ValBatch() (input, target []float32, shape []int, err error)
}
SignalDataProvider supplies training and validation data for the NAS search. Implementations can load from disk or generate synthetic data for testing.
type SignalSearchConfig ¶
type SignalSearchConfig struct {
// NumTrials is the number of DARTS search trials to run. Each trial
// randomly initializes the architecture parameters and runs bilevel
// optimization for SearchSteps steps.
NumTrials int
// SearchSteps is the number of bilevel optimization steps per trial.
SearchSteps int
// WeightLR is the inner-loop learning rate for network weights.
WeightLR float64
// AlphaLR is the outer-loop learning rate for architecture parameters.
AlphaLR float64
// MaxParams is the maximum parameter budget for the discretized architecture.
// Zero means no limit.
MaxParams int64
// PatchTST-like architecture dimensions.
// InputFeatures is the number of input features per time step.
InputFeatures int
// PatchLen is the number of time steps per patch.
PatchLen int
// HorizonLen is the forecast horizon length.
HorizonLen int
// HiddenDim is the hidden dimension of the model.
HiddenDim int
// NumLayers is the number of stacked cells.
NumLayers int
// SearchSpace defines the DARTS search space. If nil, a default space
// suitable for PatchTST-like architectures is used.
SearchSpace *SearchSpace
// Seed for reproducibility. Zero means non-deterministic.
Seed uint64
}
SignalSearchConfig holds configuration for a NAS search over time-series signal model architectures.
type SignalSearchOutput ¶
type SignalSearchOutput struct {
// Best is the result with the lowest validation loss across all trials.
Best SignalSearchResult
// AllResults contains results from every trial.
AllResults []SignalSearchResult
// ExportConfig is the GGUF export configuration derived from the search config.
ExportConfig ExportConfig
}
SignalSearchOutput holds the complete output of RunSignalNAS.
func RunSignalNAS ¶
func RunSignalNAS(ctx context.Context, cfg SignalSearchConfig, data SignalDataProvider) (*SignalSearchOutput, error)
RunSignalNAS runs the full NAS search pipeline for time-series signal models.

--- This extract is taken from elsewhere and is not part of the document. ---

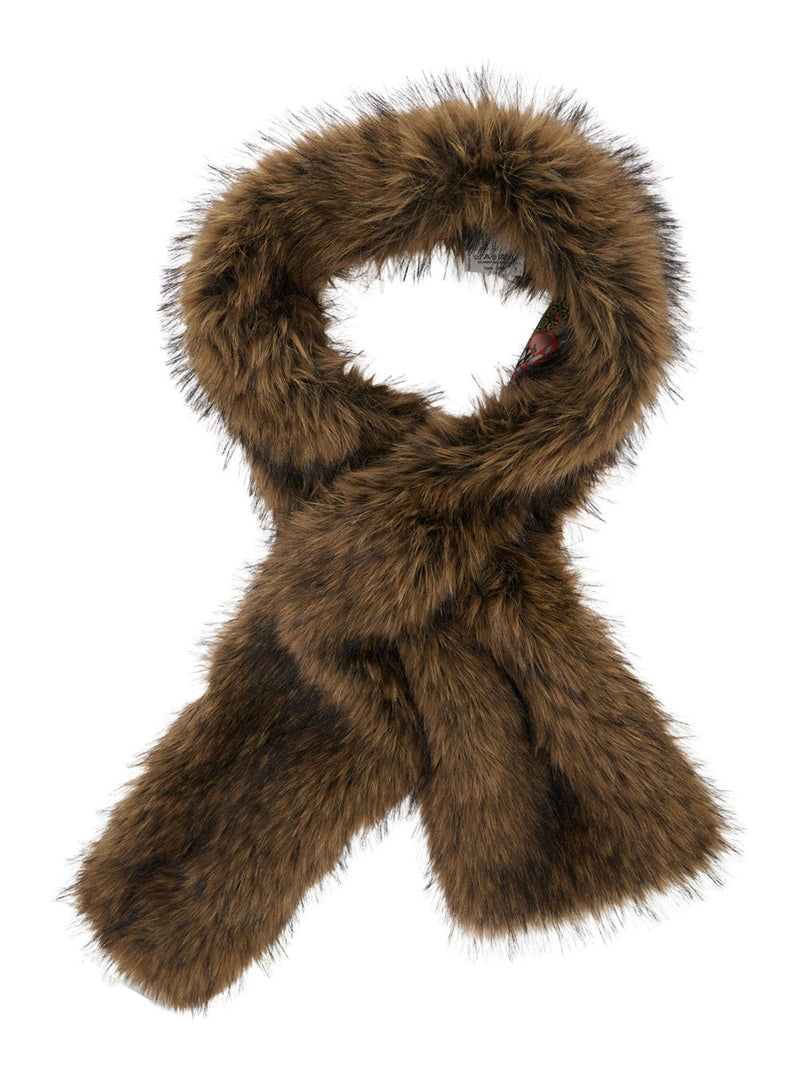 Bazar Deluxe Ecoleather Fur Scarf — Brown Scarfs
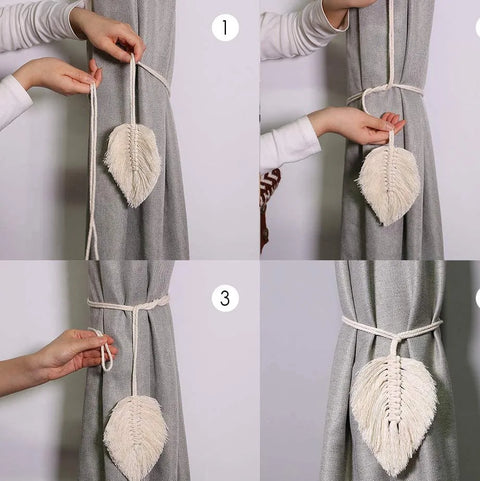 Embrasse rideau macramé feuille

It performs multiple DARTS trials, discretizes the best architecture, and returns a result ready for GGUF export.
type SignalSearchResult ¶
type SignalSearchResult struct {
// Trial is the 0-based trial index.
Trial int
// Arch is the discretized architecture discovered in this trial.
Arch *DiscretizedArch
// Metric is the evaluation metric value (lower is better for loss,
// higher is better for Sharpe ratio depending on usage).
Metric float64
// FinalLoss is the validation loss at the end of the search.
FinalLoss float64
}
SignalSearchResult holds the result of a NAS search trial.
type Solution ¶ added in v1.8.0
type Solution struct {
// Cell is the architecture this solution represents.
Cell Cell
// Scores holds the objective value for each objective, in the same order
// as the objectives slice passed to SearchMultiObjective.
Scores []float64
// Rank is the non-domination rank (0 = Pareto front, 1 = second front, etc.).
Rank int
// CrowdingDistance measures how isolated this solution is in objective space.
CrowdingDistance float64
}
Solution represents a single candidate solution evaluated on all objectives.